» **SUPPLIED INFORMATION**
------------------------------------------------------------

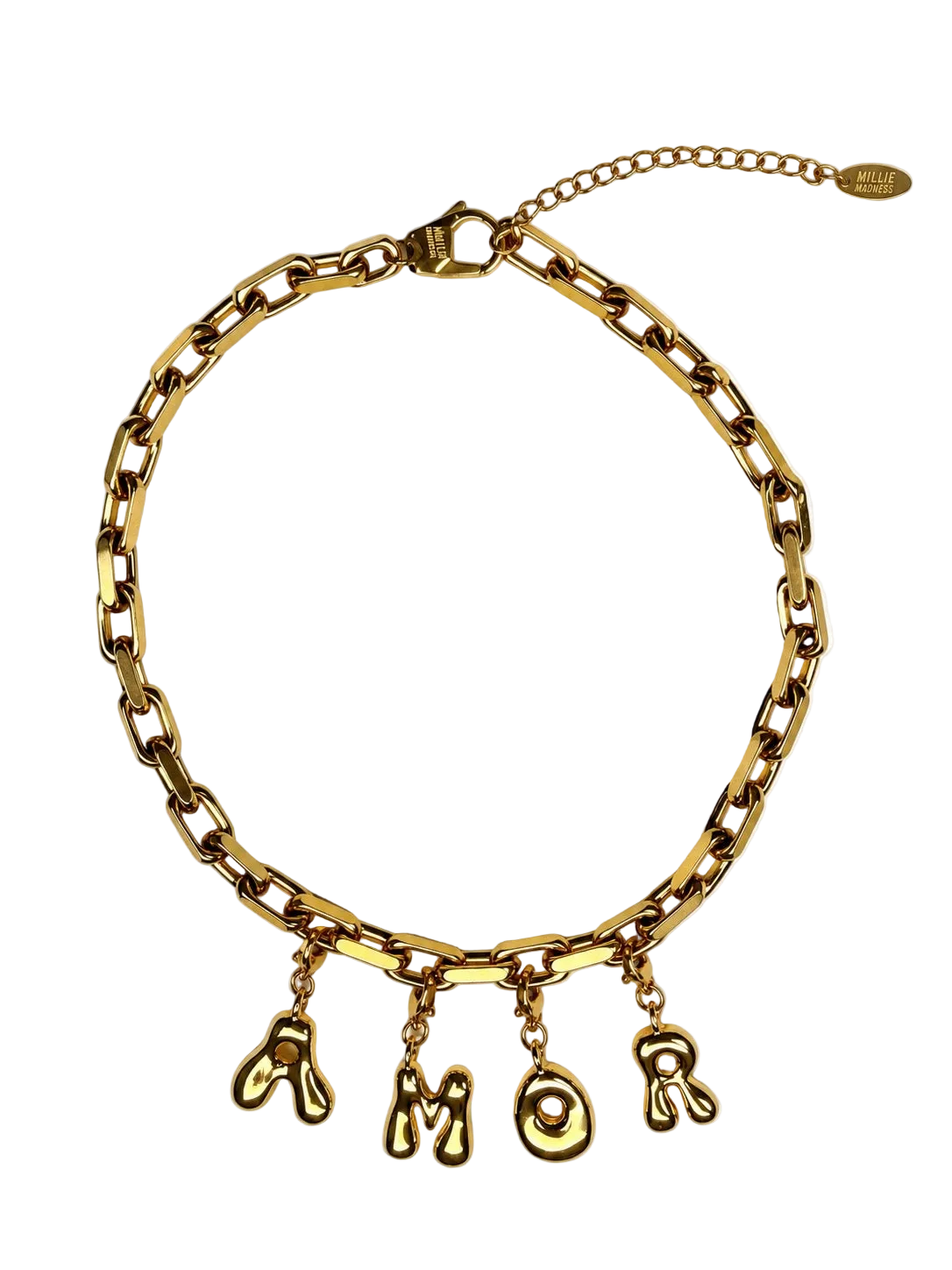 A gold-tone chunky chain MILLIE MADNESS necklace with dangling letter charms spelling 'AMOR', displayed on a clean white background.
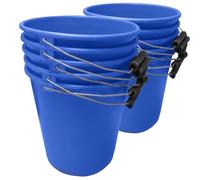 Pack of 10 Blue Plastic Calf 1 GAL Bucket, Heavy Duty with Metal Handle 5L Animal Feed Water Buckets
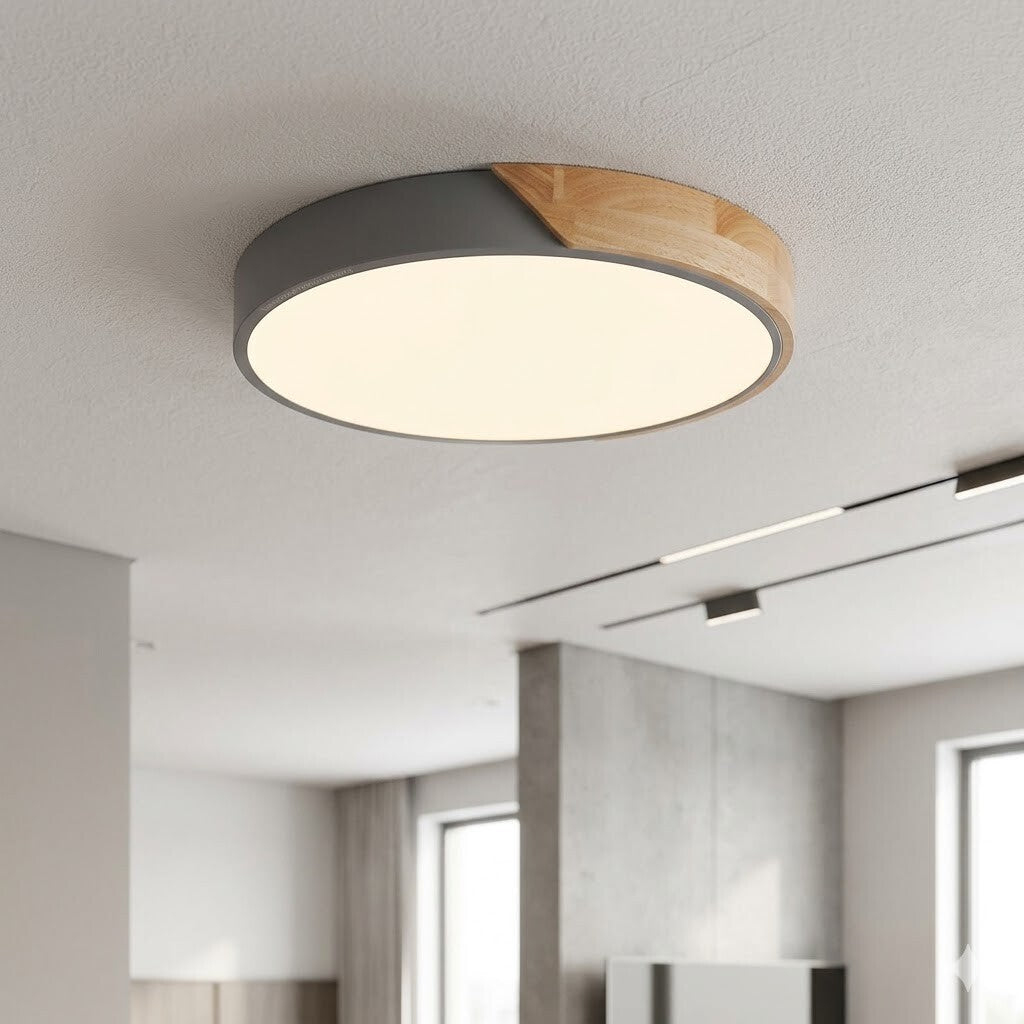 Plafón led circular de madera y aluminio gris mate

------------------------------------------------------------

» **ASSIGNED TASK**
Extract only the lines from the line containing "Pack of 10 Blue" through the final line of the listing above, unchanged; pictures stay out of the copy.

» **TASK ANSWER**
 Pack of 10 Blue Plastic Calf 1 GAL Bucket, Heavy Duty with Metal Handle 5L Animal Feed Water Buckets
 Plafón led circular de madera y aluminio gris mate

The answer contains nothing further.